We also began to explore the use of machine learning techniques developed by our team in order to produce computer-assisted discovery in the domain of medicine, using existing data bases.
Similarly we explored computer-assisted discovery in the domain of molecular biology, with Irina Tchoumatchenko, and in the domain of music for the detection of recurrent themes in the music of Charlie Parker with Pierre-Yves Rolland, who is currently doing a PhD under my supervision.
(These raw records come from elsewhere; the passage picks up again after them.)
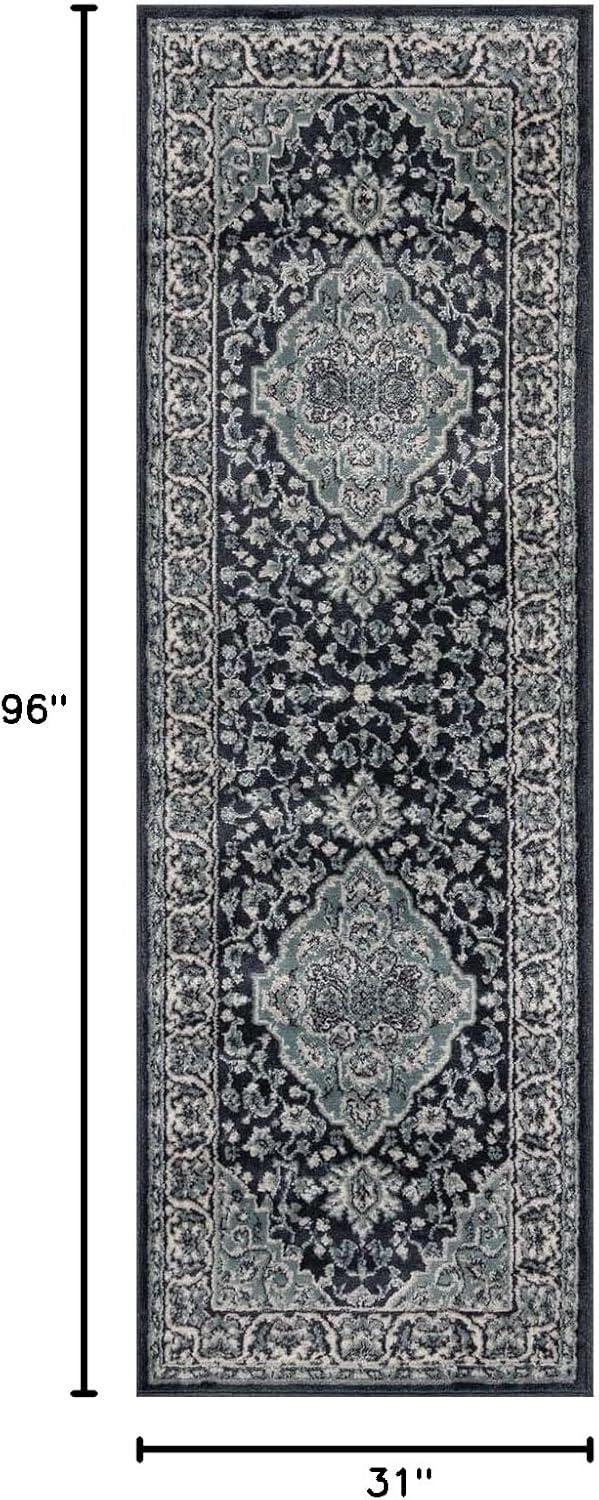 imageSuperior Indoor Area Rug Jute Backing Rugs for Entryway Dining Kitchen Bedroom Floors Traditional Floor Decor Oriental Medallion Indoor Rug Glendale Collection 2 x 3 BrownDeep Royal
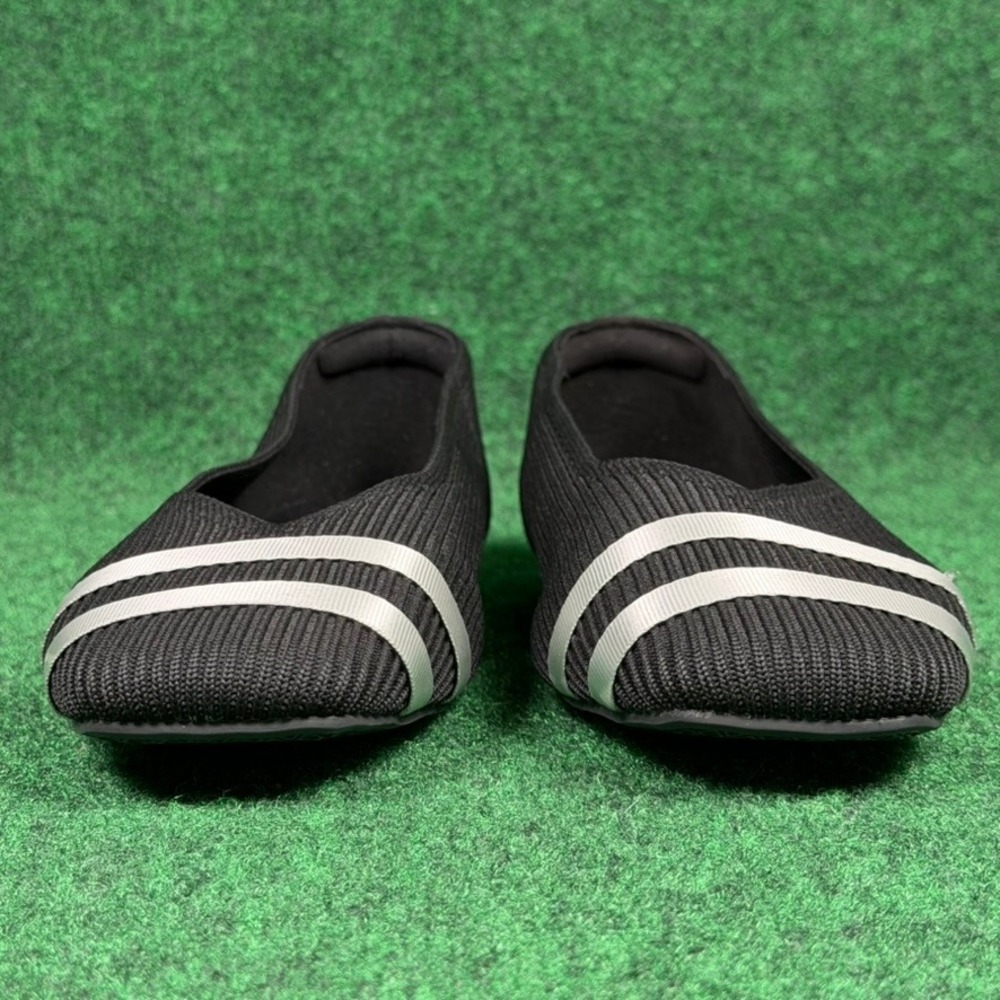 Vivaia Black Ribbed Knit Pointed Toe Flats Womens 11 Silver Stripe Accent EU 43 - Picture 4 of 9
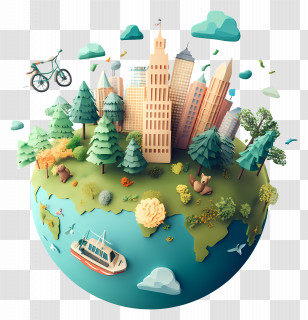 World Carfree Day - Miniature City On Globe Transparent PNG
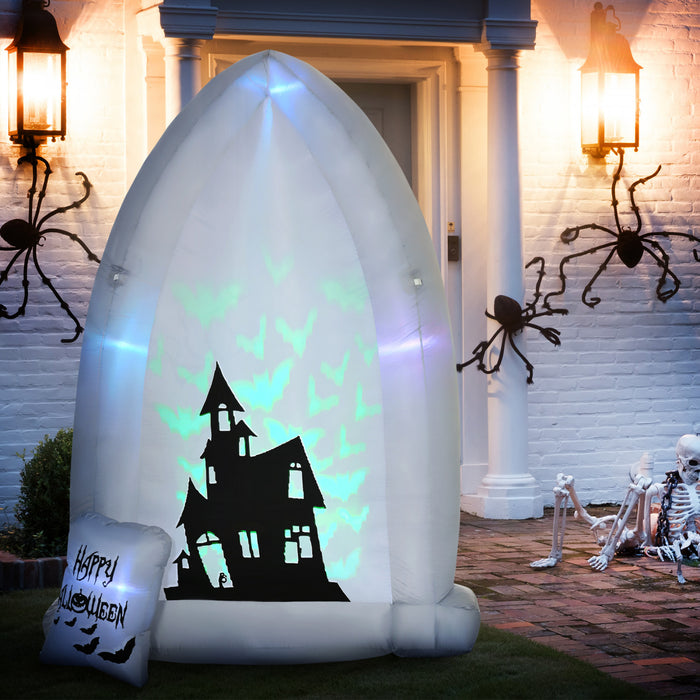 Homcom 7ft Inflatable Halloween Hunted Tomb With Project Light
Lastly, if it is true to say that certain artistic activities such as musical accompaniment require certain skills, then these activities can be modeled using knowledge engineering techniques, and then simulated on a computer. Daring indeed, yet it is just pushing to their logical conclusion the ambitions of knowledge engineering specialists who claim to be able to address all professional knowledge and skills, first to model them and then to simulate them on a computer. I developed a model of creativity based on the notion of memory and broadly inspired by the work of Robert Schank. I then applied this model to the simulation of the improvisations of a double bass player of a rhythm section of a jazz band, with a student Geber Ramalho, whosuccess fully defended his doctoral thesis on the subject in January 1997.
In addition to purely scientific research, I have also in the last few years explored the question of philosophical approaches to induction. After all, machine learning is, to a large extent, inductive, ie it moves from the particular to the general. If we look at the history of philosophy, and more precisely at Aristotle and other equally prestigious philosophers including Bacon, Leibniz, Buffon, Reid, Mill, Peirce, we find a strong tradition of the study of induction. And while laying down the philosophical status of inductive reasoning, this tradition also attempted to determine the fundamental logical mechanisms involved. Consequently, there is a meeting point between machine learning, which tries to simulate inductive reasoning using formal manipulations, and the tradition of the philosophical study of induction. We have tried to identify this meeting point and to show that contemporary philosophical thinking about induction, with the limits of inductive reasoning, do not impact on the prospects of artificial intelligence that have been opened by machine learning.